Tesco plans to tackle food waste in three main areas: operations, agriculture and its supply chain, and with its own customers. Around 32% of food is wasted across its value chain, with 16% coming from agriculture and supply chain, less than 1% coming from the retailer, and 16% coming from the customer.

The ‘buy one get one free’ offers presented by supermarkets has received a lot of criticism in the past, it has been said that these offers help to create an annual mountain of food waste, therefore the retailer has said that they will not have promotions encouraging people to buy bigger amounts of food with a shorter shelf life.

In its corporate responsibility report for 2013, Tesco and Society, the retailer pledged to use its position as one of the world’s largest retailers to engineer social change.

It sells food to 50 million customers around the world, sourcing it from thousands of suppliers in more than 70 countries. According to the government’s Waste & Resources Action Programme (Wrap), the average UK family wastes nearly £700 a year by throwing out unused food.

Tesco’s report sets out a series of targets on food waste, creating opportunities for young people, and healthy eating. It commits the retailer to using data from its Club card loyalty scheme to show customers how “healthy” the contents of their shopping baskets are.

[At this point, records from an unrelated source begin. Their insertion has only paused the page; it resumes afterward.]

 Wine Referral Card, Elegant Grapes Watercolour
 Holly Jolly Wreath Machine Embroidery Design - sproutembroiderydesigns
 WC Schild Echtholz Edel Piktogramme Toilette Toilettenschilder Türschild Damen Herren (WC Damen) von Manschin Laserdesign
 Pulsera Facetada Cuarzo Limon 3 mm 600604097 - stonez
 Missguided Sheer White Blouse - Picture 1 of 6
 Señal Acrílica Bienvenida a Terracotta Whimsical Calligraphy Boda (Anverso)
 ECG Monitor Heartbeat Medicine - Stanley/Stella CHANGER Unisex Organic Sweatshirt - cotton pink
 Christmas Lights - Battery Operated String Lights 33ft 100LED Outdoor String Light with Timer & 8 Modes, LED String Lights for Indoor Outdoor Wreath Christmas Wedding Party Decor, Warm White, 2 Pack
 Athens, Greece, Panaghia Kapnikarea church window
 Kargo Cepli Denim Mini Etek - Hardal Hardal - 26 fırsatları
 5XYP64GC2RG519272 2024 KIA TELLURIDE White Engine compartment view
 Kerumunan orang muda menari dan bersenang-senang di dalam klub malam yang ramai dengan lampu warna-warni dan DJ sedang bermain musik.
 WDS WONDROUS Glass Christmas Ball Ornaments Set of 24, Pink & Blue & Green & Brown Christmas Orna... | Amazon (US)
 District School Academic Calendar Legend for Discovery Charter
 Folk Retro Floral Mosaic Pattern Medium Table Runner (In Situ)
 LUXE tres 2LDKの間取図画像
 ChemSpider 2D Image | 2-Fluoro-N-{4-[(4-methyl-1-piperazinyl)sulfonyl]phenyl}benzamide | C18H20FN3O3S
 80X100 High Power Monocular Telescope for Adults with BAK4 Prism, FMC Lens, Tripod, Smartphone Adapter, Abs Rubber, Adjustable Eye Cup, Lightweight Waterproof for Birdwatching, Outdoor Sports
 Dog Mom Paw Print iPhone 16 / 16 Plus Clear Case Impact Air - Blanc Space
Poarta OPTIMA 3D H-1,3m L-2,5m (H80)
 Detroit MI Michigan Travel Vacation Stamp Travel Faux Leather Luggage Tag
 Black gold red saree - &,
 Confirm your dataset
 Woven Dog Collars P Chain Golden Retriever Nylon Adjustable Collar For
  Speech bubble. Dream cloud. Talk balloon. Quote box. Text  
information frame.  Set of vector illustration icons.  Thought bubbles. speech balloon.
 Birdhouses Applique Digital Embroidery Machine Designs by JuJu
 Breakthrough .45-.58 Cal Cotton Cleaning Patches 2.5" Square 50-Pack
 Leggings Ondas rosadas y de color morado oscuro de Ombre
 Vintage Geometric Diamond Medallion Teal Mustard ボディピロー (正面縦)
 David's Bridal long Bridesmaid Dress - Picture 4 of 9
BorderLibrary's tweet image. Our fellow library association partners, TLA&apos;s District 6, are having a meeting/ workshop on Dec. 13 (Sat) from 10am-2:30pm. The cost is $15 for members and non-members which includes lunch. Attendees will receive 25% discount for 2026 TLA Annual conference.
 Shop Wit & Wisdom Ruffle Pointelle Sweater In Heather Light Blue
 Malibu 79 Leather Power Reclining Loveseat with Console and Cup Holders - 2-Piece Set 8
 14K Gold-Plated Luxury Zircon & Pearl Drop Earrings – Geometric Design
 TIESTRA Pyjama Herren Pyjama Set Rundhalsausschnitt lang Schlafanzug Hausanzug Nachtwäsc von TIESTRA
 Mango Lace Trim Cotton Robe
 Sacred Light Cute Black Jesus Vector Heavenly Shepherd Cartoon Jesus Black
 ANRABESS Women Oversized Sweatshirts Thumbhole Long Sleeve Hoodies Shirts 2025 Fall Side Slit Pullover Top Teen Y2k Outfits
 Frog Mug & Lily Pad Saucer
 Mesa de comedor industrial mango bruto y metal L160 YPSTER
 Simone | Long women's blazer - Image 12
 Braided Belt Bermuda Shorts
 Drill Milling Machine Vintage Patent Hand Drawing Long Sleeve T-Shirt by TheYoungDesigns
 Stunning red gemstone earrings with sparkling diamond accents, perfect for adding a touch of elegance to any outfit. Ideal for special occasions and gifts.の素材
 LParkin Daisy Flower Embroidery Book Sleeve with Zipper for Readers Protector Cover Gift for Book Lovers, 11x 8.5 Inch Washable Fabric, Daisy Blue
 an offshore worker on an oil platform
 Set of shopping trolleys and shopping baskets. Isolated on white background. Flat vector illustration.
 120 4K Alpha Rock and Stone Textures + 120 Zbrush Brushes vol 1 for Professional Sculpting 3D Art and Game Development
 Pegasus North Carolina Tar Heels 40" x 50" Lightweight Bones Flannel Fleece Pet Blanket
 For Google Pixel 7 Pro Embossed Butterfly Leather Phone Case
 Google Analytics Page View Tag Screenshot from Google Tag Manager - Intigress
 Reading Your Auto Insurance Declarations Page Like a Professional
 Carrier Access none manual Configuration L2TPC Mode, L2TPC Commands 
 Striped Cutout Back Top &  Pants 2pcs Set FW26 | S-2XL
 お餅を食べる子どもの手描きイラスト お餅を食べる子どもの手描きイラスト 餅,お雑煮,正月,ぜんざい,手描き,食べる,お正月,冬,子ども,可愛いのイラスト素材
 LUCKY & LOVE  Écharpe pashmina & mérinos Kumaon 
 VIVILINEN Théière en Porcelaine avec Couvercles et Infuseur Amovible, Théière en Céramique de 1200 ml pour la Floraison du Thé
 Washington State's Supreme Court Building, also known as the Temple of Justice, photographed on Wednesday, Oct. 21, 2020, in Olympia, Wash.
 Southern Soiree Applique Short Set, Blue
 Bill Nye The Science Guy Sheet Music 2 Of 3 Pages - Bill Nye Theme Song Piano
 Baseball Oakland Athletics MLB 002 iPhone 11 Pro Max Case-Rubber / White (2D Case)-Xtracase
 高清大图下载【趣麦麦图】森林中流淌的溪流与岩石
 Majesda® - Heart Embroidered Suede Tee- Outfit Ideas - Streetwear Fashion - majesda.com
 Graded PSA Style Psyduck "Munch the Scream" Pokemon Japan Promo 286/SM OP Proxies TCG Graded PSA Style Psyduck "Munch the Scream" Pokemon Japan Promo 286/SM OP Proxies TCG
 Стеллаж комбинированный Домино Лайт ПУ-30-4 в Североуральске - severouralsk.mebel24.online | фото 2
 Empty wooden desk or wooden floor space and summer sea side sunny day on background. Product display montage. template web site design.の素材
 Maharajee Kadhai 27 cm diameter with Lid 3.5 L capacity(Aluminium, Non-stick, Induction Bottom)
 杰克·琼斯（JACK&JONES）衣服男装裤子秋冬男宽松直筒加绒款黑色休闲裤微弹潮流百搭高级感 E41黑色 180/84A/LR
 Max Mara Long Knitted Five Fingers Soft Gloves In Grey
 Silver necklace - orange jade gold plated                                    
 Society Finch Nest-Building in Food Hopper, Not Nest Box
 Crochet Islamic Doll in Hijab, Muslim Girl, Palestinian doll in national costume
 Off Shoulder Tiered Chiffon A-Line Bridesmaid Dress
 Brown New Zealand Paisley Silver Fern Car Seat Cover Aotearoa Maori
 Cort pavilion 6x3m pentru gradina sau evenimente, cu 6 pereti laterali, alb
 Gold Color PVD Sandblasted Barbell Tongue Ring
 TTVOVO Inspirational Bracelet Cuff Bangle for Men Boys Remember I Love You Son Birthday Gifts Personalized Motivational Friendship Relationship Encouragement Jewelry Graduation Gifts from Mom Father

In a recent article published in the Sunday Telegraph, chief executive Philip Clarke said it was important that supermarkets used the data to understand consumers and encourage them to behave differently.

The retailer has also pledged to extend a pilot using surplus food at its dedicated grocery home shopping stores – the giant distribution centres that service its online customers in the UK – to help needy families through the food charity FareShare.

Since October 2012 enough food has been diverted to provide over 100,000 meals to FareShare, but this will be rolled out to all dedicated grocery home shopping stores by the end of this year, providing enough surplus food to serve over a million meals to UK charities.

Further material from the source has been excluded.